**Task objective**.
What you return should be the exact lines from the one with "Industriel/Logistique dans Yzeure" to the end of the records below, both included, and no pictures.
--- Excerpted data ---
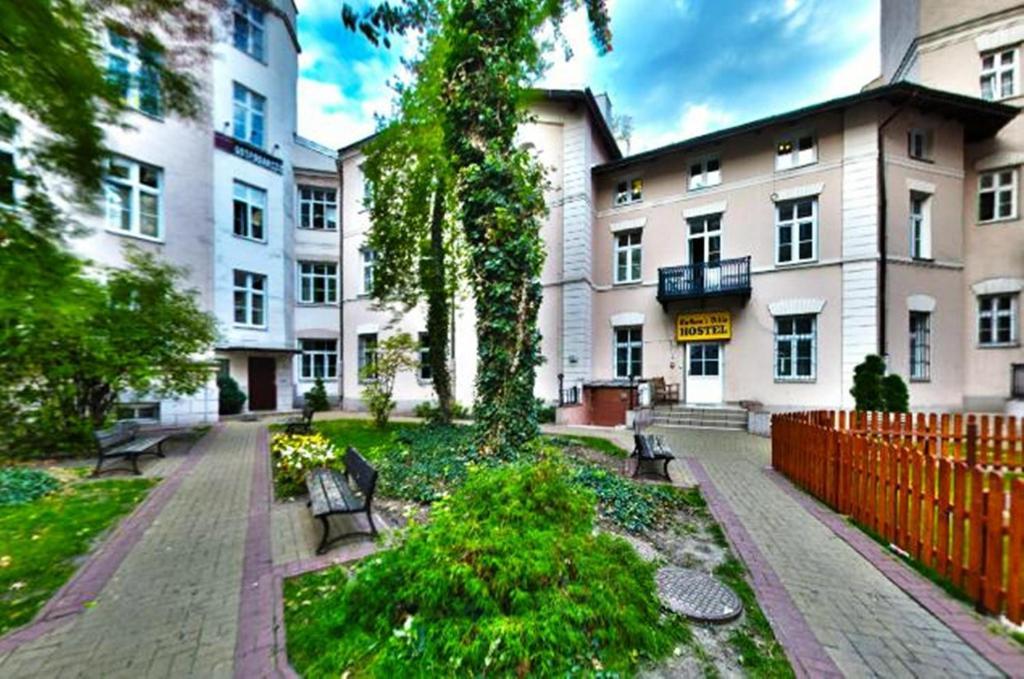 Nathan's Hostel *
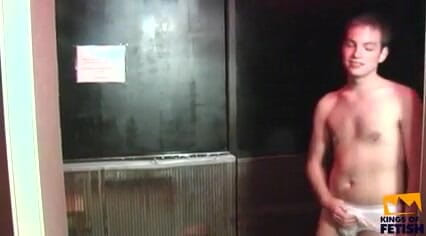 Gay Diaries: Twink con i piercing ai capezzoli viene speronato nel culo...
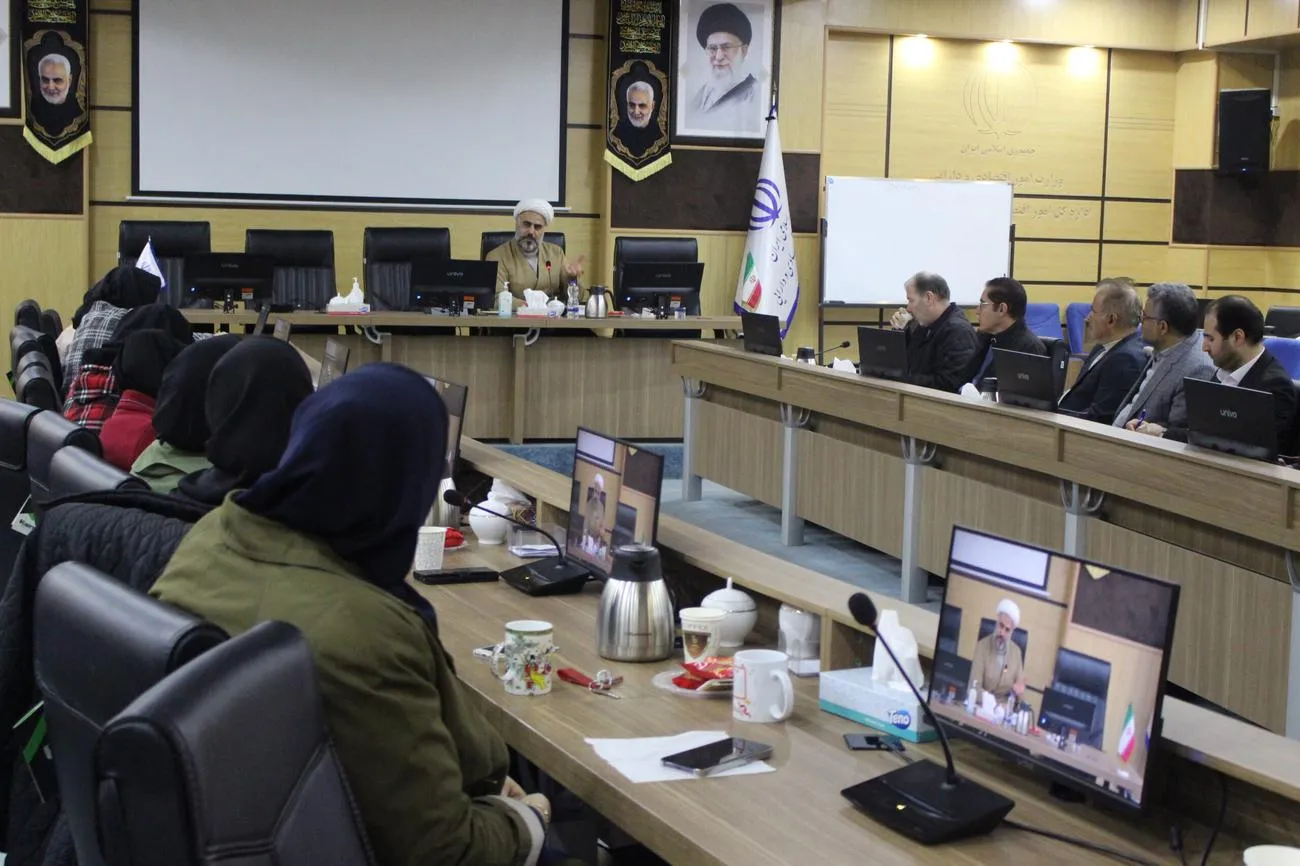 دوره آموزشی سبک زندگی قرآنی در اداره کل امور اقتصادی و دارایی استان البرز برگزار شد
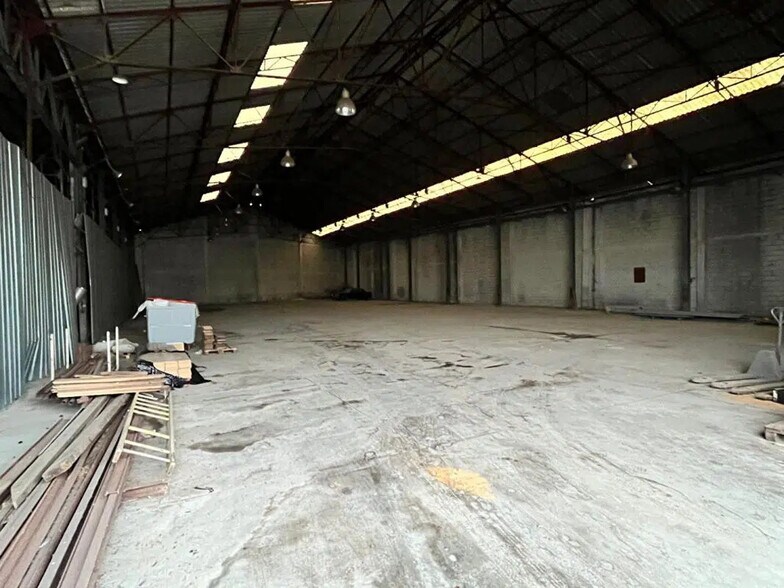 Industriel/Logistique dans Yzeure à vendre - Photo de l’immeuble – Image 1 sur 3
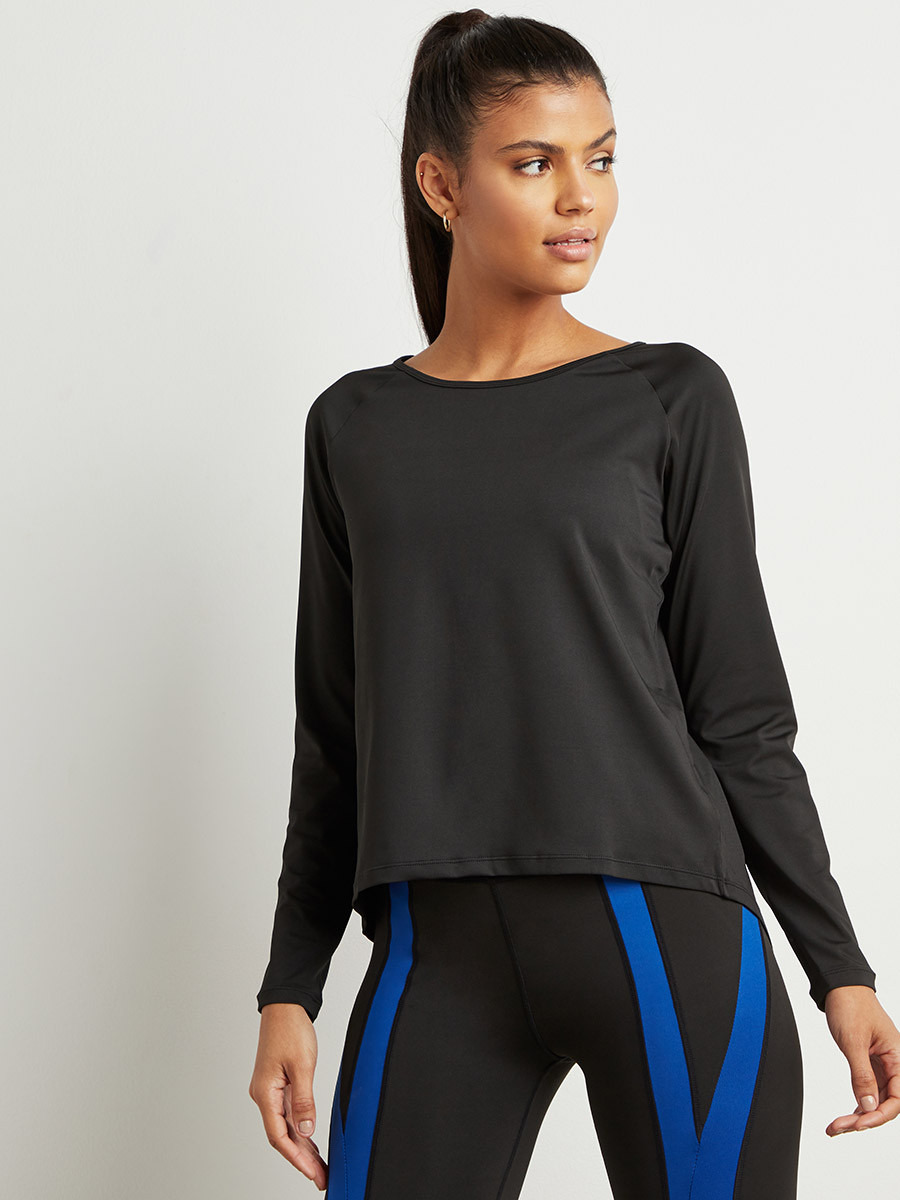 بلوزة يوجا بتفاصيل شبكية من ستايلي-sports-women-clothing-tshirtsandvests-image-2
---
**Your response**.
 Industriel/Logistique dans Yzeure à vendre - Photo de l’immeuble – Image 1 sur 3
 بلوزة يوجا بتفاصيل شبكية من ستايلي-sports-women-clothing-tshirtsandvests-image-2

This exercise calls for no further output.